Katastrofa po raz pierwszy
5 listopada 1942 roku dwusilnikowy C-53 Skytrooper odbywał rutynowy, transportowy lot z Islandii na Grenlandię. Na jego pokładzie znajdowało się pięciu amerykańskich lotników. Niedługo po tym, jak znalazł się nad południowo-wschodnim wybrzeżem Grenlandii, spadł na pokrywę lodową. Pilotom udało się zapobiec rozpadnięciu się samolotu na kawałki, zaś członkowie załogi nie odnieśli poważniejszych obrażeń. Wszystkie bazy na Grenlandii zostały powiadomione o wypadku i czym prędzej podjęto przygotowania do akcji poszukiwawczej. Wydawało się, że ratunek dla rozbitków to tylko kwestia czasu.
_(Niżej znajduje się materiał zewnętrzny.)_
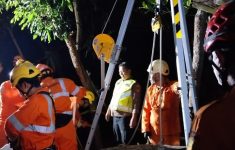 Ilustrasi warga Bantul terjatuh ke sumur sedalam 12 meter saat mencoba mematikan saklar pompa air pada Selasa malam, 13 Mei 2025.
W poszukiwaniach C-53 brał udział m.in. świeżo wypuszczony z fabryki bombowiec B-17. Docelowo miał dotrzeć na amerykańskie lotnisko wojskowe na terenie Wielkiej Brytanii, jednak postanowiono włączyć go do akcji ratunkowej na Grenlandii. 9 listopada B-17 z dziewięcioma członkami załogi na pokładzie znalazł się w samym środku arktycznej mgły. Wszystko tonęło w zszarzałej bieli, pilot nie był w stanie stwierdzić, gdzie kończy się niebo, a gdzie zaczyna pokrywa lodowa wyspy. W każdej chwili mógł uderzyć w lodową ścianę. Postanowił wykonać płytki skręt - ot, kilka stopni. Niestety, zawadził końcówką skrzydła o lód. 15-tonowy bombowiec zaczął się ślizgać po lodowcu jak bobslej. Po 200-metrowym ślizgu, przełamany na pół, spoczął na lądolodzie.